It’s another busy week for literary events. Here’s a sample of what’s going on across the country:

  • Dinner and reading with Pico Iyer, Grano, Toronto (Feb. 4, 7:30 p.m., $100)
  • Ron Stevens signs Much Ado About Squat, McNally Robinson, Winnipeg (Feb. 4, 2:00 p.m., free)
  • Debbie Hanlon and Grant Boland sign The Adventures of Gus & Isaac: Backyard Bullies, Chapters, St.
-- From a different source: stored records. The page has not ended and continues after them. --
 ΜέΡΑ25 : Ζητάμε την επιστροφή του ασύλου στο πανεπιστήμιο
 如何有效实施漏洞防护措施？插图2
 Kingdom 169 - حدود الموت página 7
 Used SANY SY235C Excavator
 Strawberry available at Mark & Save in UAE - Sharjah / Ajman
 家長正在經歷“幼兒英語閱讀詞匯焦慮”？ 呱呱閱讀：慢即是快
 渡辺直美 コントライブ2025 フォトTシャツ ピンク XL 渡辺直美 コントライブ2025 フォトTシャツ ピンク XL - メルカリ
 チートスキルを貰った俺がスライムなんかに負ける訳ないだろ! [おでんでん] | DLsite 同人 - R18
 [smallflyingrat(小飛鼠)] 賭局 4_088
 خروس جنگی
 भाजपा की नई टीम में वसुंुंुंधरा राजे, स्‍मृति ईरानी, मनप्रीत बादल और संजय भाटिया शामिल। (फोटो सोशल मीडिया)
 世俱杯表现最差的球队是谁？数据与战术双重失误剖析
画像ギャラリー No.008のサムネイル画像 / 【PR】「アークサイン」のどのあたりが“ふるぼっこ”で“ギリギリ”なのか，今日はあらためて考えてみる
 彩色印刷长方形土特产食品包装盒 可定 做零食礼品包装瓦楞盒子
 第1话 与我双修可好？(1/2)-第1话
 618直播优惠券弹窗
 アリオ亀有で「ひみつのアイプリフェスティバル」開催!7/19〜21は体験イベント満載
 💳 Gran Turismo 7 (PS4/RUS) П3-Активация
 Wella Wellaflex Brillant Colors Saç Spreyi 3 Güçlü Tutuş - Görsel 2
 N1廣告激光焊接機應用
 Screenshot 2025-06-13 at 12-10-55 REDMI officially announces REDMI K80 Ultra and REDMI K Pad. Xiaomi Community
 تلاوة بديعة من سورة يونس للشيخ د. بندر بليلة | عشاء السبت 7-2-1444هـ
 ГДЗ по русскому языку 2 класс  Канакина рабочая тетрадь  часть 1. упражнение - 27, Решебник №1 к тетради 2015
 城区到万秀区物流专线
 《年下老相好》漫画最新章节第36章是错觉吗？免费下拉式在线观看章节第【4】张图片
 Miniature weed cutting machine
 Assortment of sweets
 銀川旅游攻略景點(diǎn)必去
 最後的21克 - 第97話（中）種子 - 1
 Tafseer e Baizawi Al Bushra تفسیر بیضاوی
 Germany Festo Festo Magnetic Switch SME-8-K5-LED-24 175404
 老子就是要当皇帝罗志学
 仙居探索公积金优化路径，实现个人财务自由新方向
John’s (Feb. 4, 1 p.m., free) and Coles (Feb. 5, 1.p.m., free)
  • Lorenzo Reading Series presents an evening with Alexander MacLeod, University of New Brunswick, Saint John (Feb. 6, 7 p.m., free)
  • Sue Goyette reads from her poetry collection Outskirts, Saint Mary’s University, Halifax (Feb. 7, 7 p.m., free)
  • Kathy Dobson, author of With a Closed Fist, speaks about poverty, Algoma University, Sault Ste. Marie (Feb. 9, 7 p.m., free)
  • CBC Canada Reads: True Stories, CBC Broadcast Centre, Toronto (Feb. 6-9, 9a.m., free)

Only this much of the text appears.